*** Opening of PROVIDED ENTRIES ***
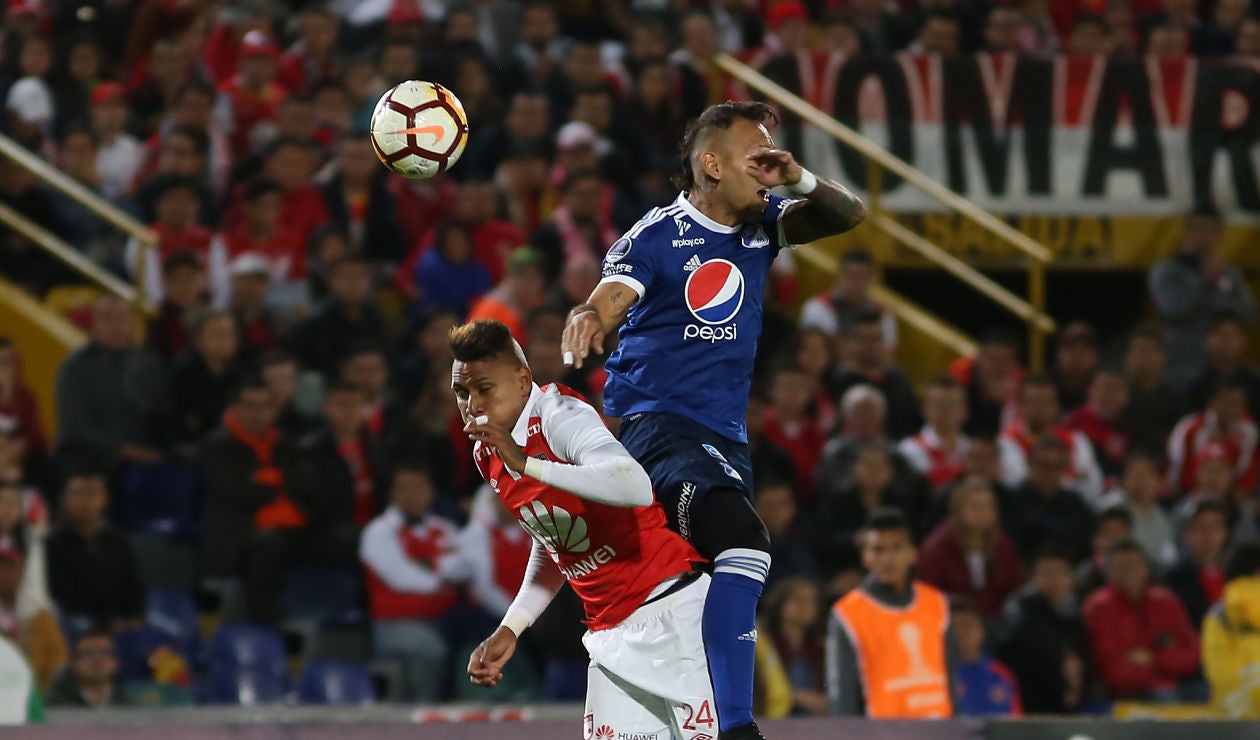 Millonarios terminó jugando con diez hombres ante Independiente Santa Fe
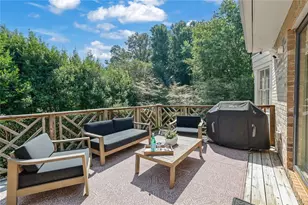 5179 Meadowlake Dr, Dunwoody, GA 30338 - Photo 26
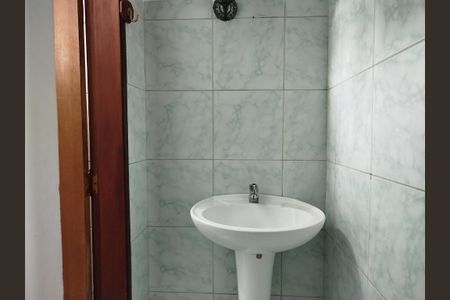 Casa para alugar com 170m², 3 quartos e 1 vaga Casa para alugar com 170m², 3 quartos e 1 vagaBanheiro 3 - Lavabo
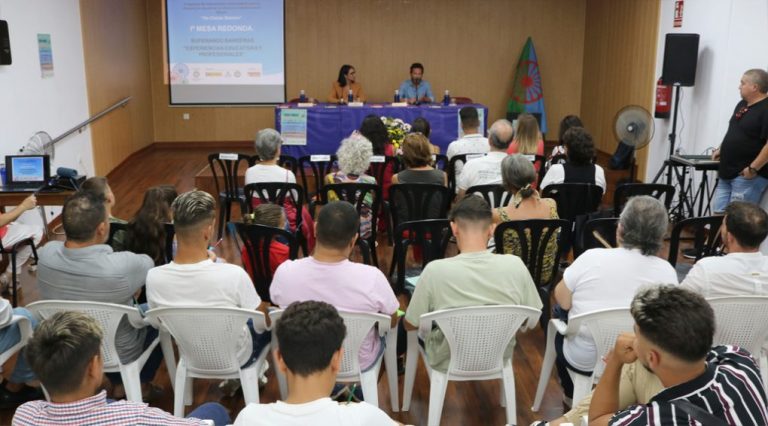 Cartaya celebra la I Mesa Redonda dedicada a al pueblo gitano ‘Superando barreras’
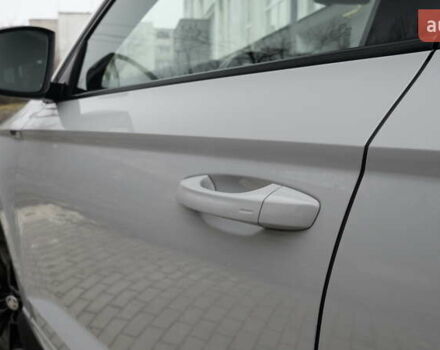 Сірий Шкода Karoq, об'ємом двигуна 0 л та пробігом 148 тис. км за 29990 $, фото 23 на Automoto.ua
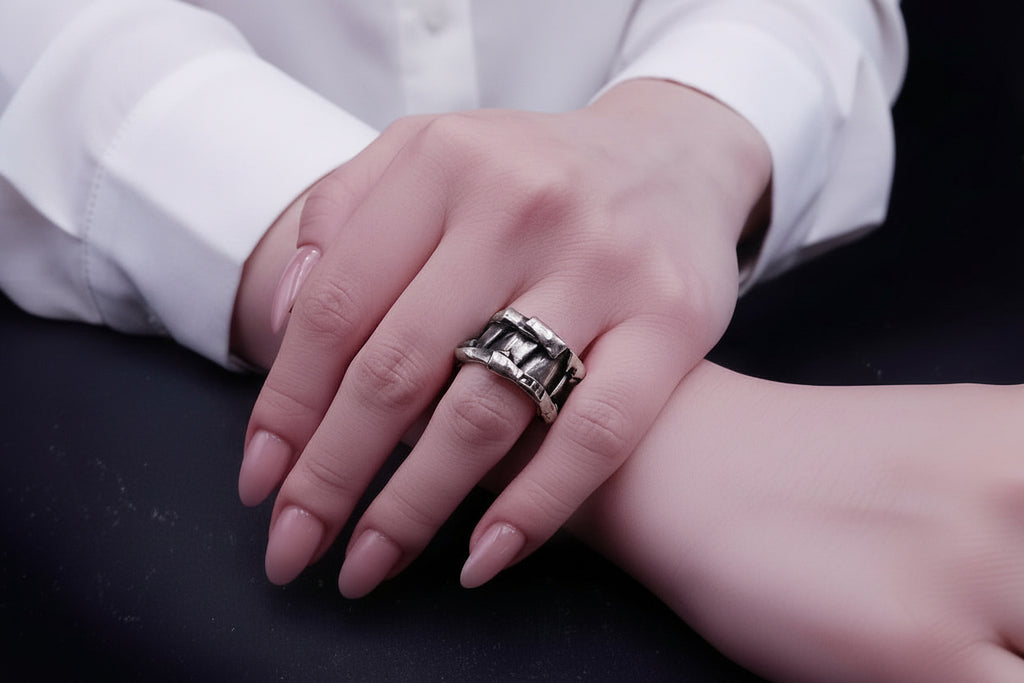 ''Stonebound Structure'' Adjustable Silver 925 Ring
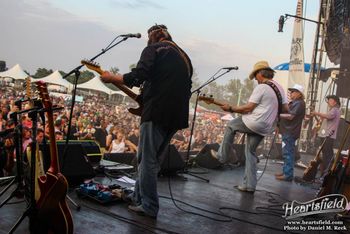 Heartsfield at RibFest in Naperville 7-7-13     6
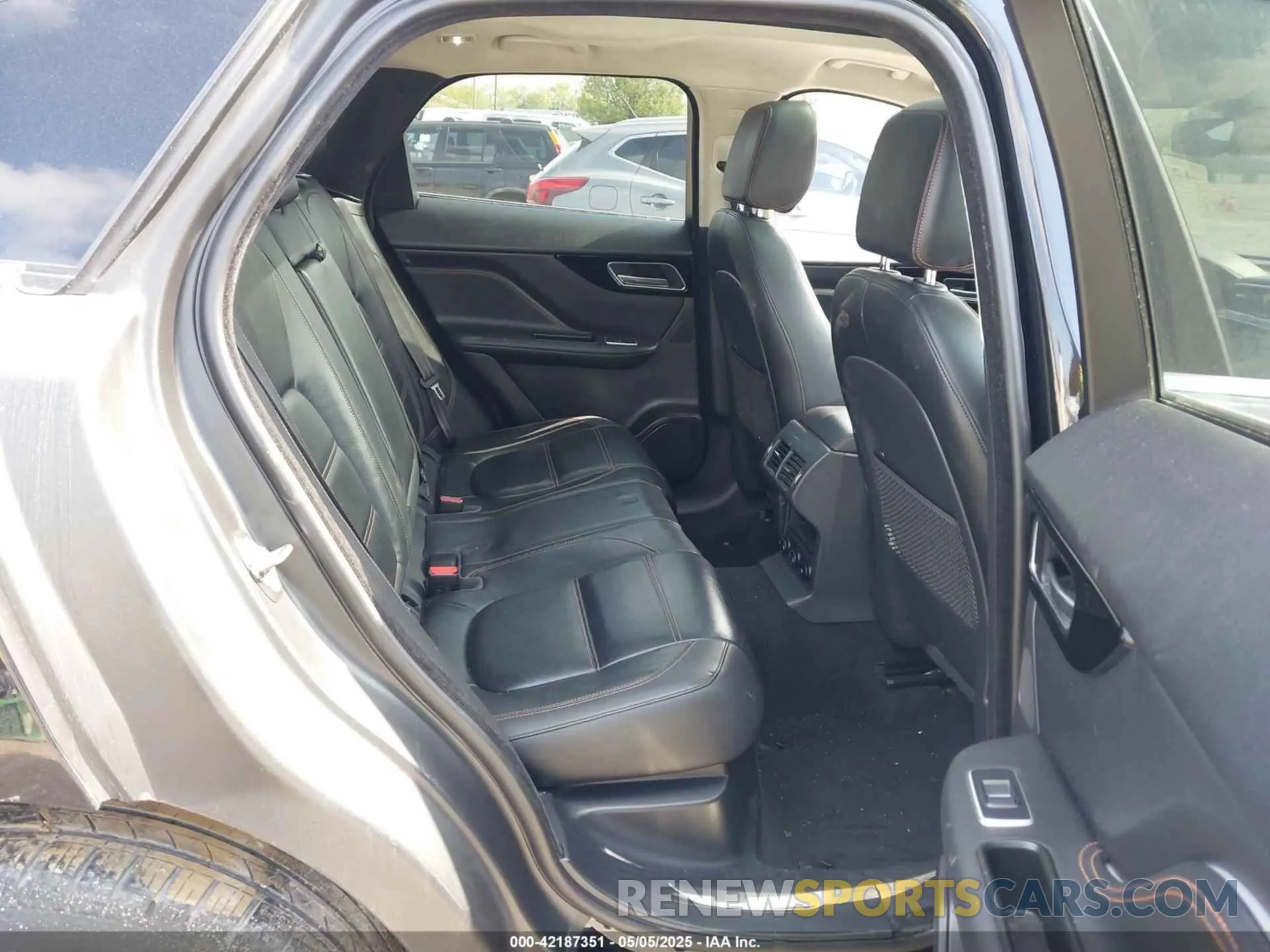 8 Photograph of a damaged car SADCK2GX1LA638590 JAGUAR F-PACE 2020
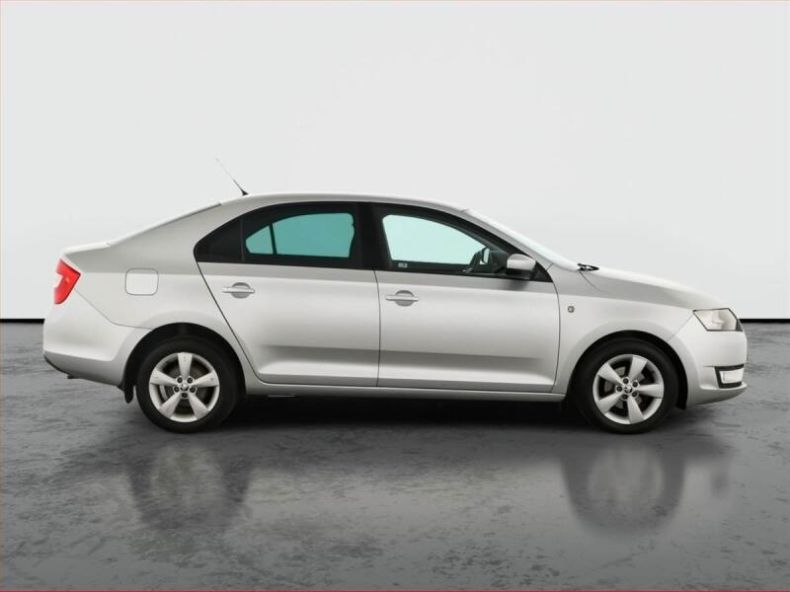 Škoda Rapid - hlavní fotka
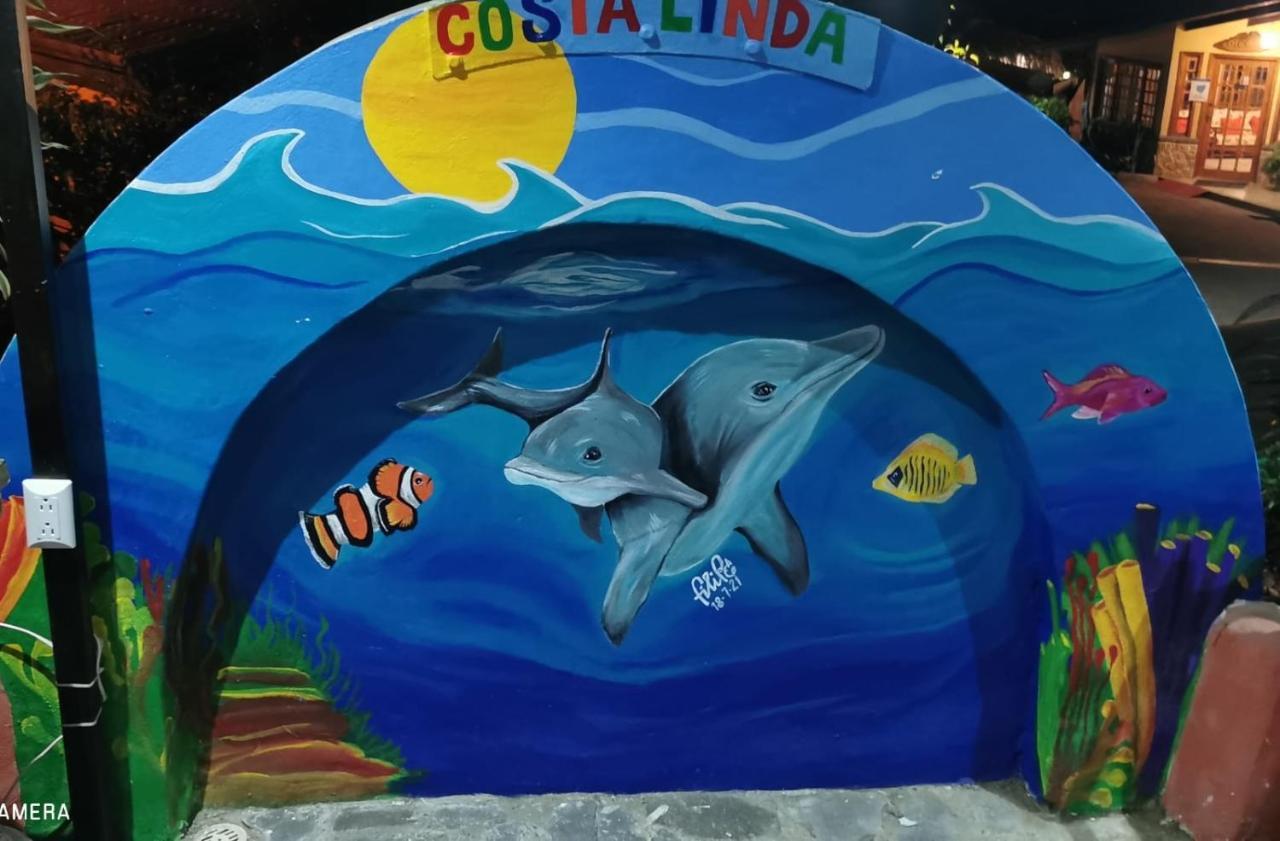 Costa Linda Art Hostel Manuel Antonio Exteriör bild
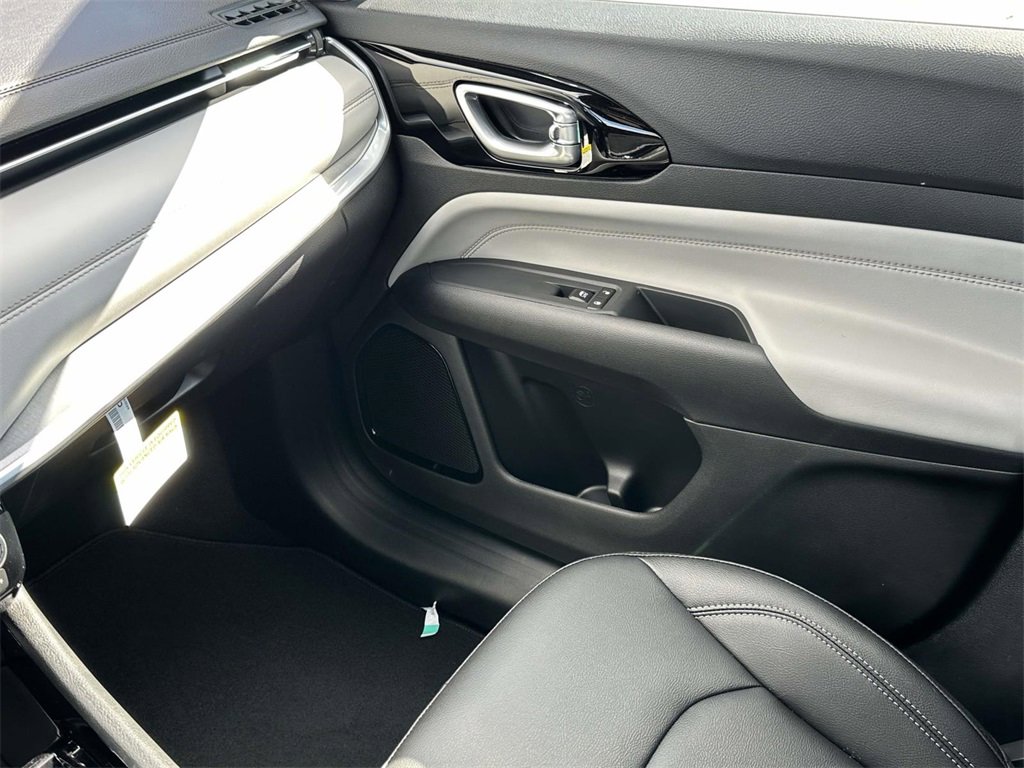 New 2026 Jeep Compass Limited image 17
*** Close of PROVIDED ENTRIES ***
* [HOW TO COMPLETE THIS TASK]:
Set the entries down again exactly. Do not include the images.

* [OUTPUT BELOW]:
 Millonarios terminó jugando con diez hombres ante Independiente Santa Fe
 5179 Meadowlake Dr, Dunwoody, GA 30338 - Photo 26
 Casa para alugar com 170m², 3 quartos e 1 vaga Casa para alugar com 170m², 3 quartos e 1 vagaBanheiro 3 - Lavabo
 Cartaya celebra la I Mesa Redonda dedicada a al pueblo gitano ‘Superando barreras’
 Сірий Шкода Karoq, об'ємом двигуна 0 л та пробігом 148 тис. км за 29990 $, фото 23 на Automoto.ua
 ''Stonebound Structure'' Adjustable Silver 925 Ring
 Heartsfield at RibFest in Naperville 7-7-13     6
 8 Photograph of a damaged car SADCK2GX1LA638590 JAGUAR F-PACE 2020
 Škoda Rapid - hlavní fotka
 Costa Linda Art Hostel Manuel Antonio Exteriör bild
 New 2026 Jeep Compass Limited image 17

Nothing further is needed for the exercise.